* TASK GOAL
First find the line with "Dior Book Tote", then reproduce it and all following lines of the data to the end, exactly and with no pictures, adding nothing.

** Opening THE RECORDS block **

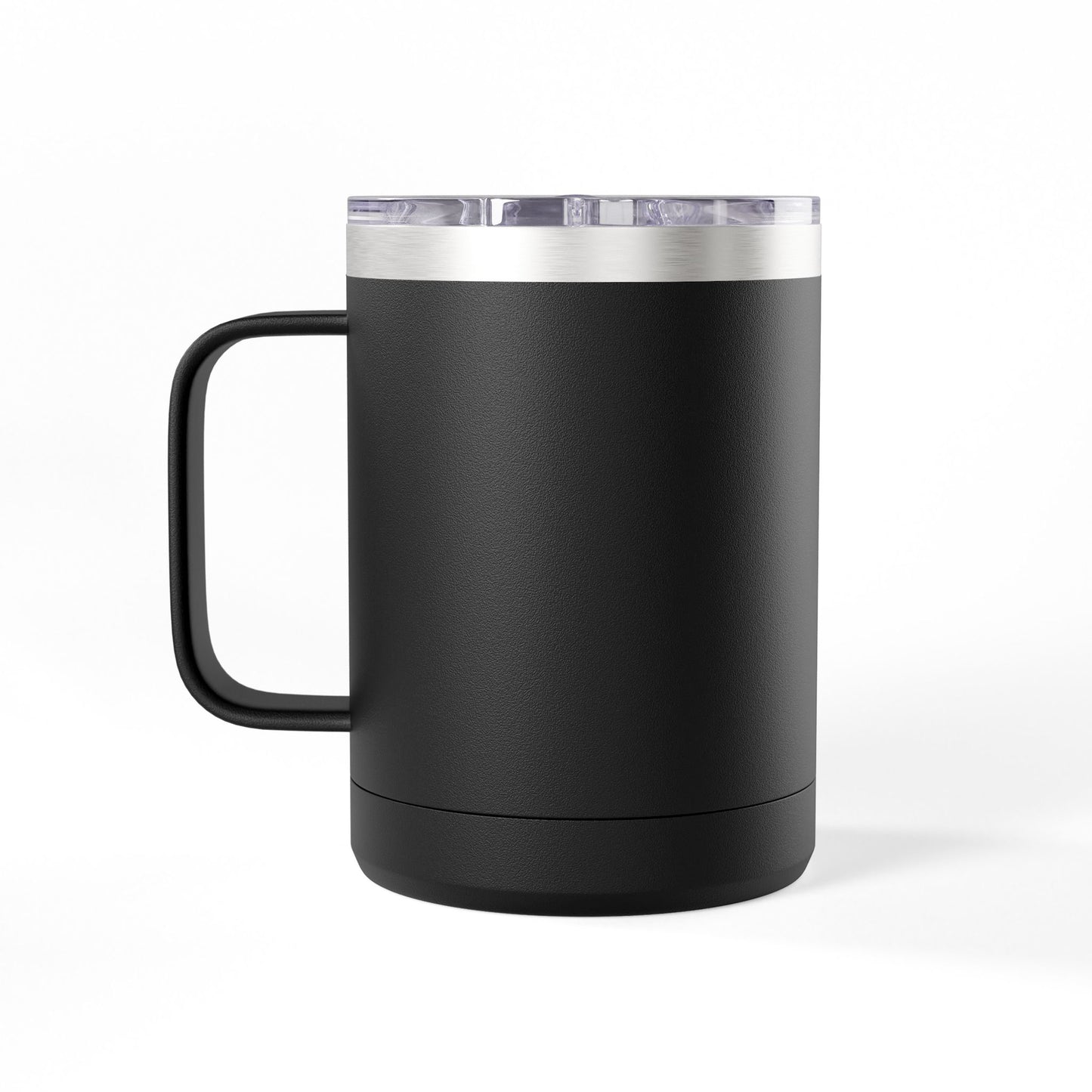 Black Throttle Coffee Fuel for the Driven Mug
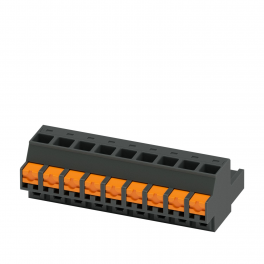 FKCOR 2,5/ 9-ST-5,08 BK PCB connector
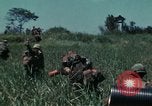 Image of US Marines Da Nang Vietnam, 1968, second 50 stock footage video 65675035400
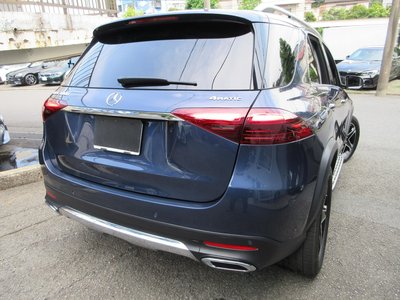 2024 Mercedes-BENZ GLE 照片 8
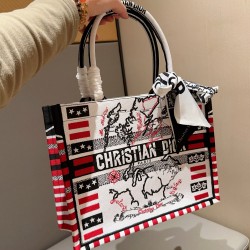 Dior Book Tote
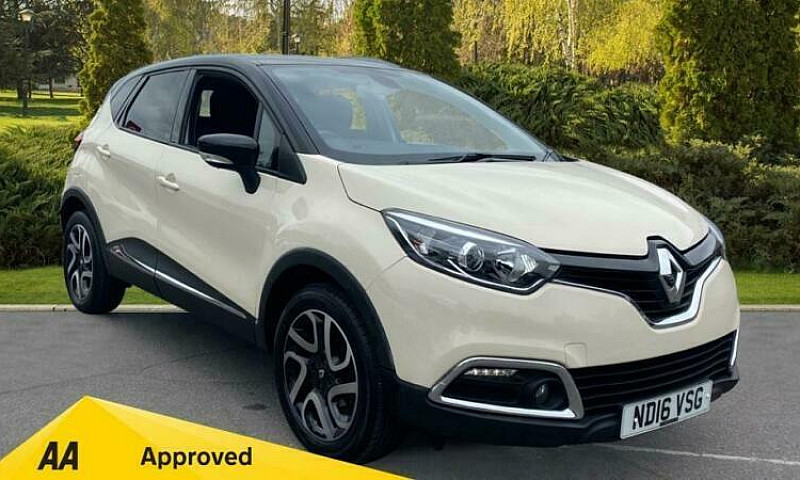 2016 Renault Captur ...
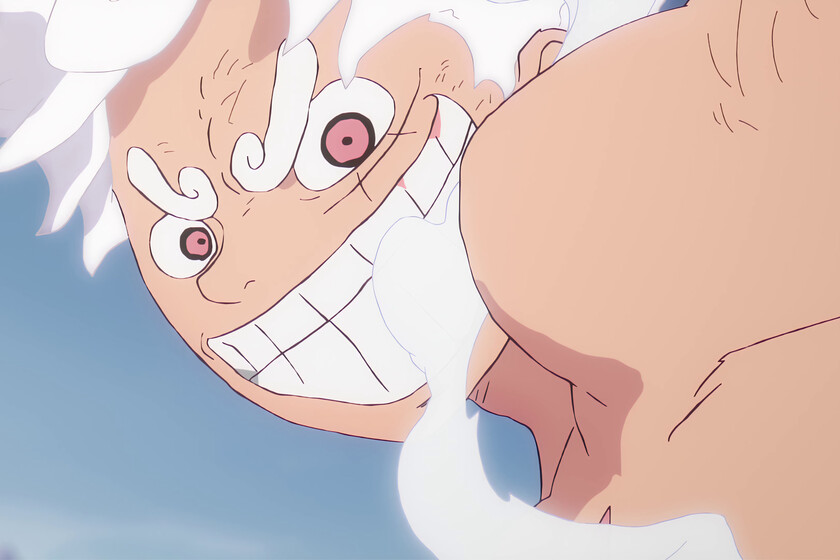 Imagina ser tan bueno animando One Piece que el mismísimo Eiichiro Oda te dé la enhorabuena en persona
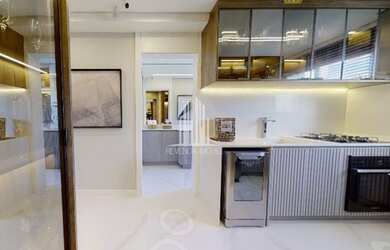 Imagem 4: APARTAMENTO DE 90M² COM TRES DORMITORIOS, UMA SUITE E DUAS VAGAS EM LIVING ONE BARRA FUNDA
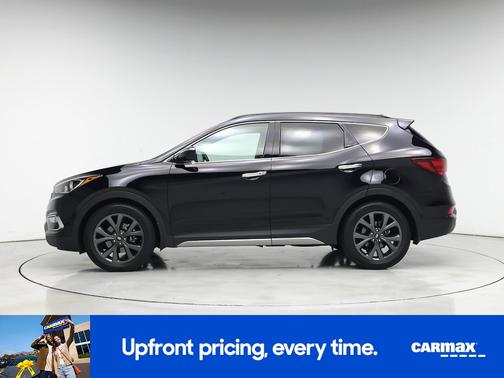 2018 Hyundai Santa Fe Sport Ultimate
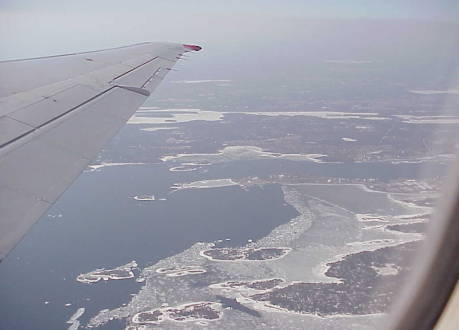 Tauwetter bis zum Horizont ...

** Closing THE RECORDS block **

* ANSWER TO THIS EXERCISE
 Dior Book Tote
 2016 Renault Captur ...
 Imagina ser tan bueno animando One Piece que el mismísimo Eiichiro Oda te dé la enhorabuena en persona
 Imagem 4: APARTAMENTO DE 90M² COM TRES DORMITORIOS, UMA SUITE E DUAS VAGAS EM LIVING ONE BARRA FUNDA
 2018 Hyundai Santa Fe Sport Ultimate
 Tauwetter bis zum Horizont ...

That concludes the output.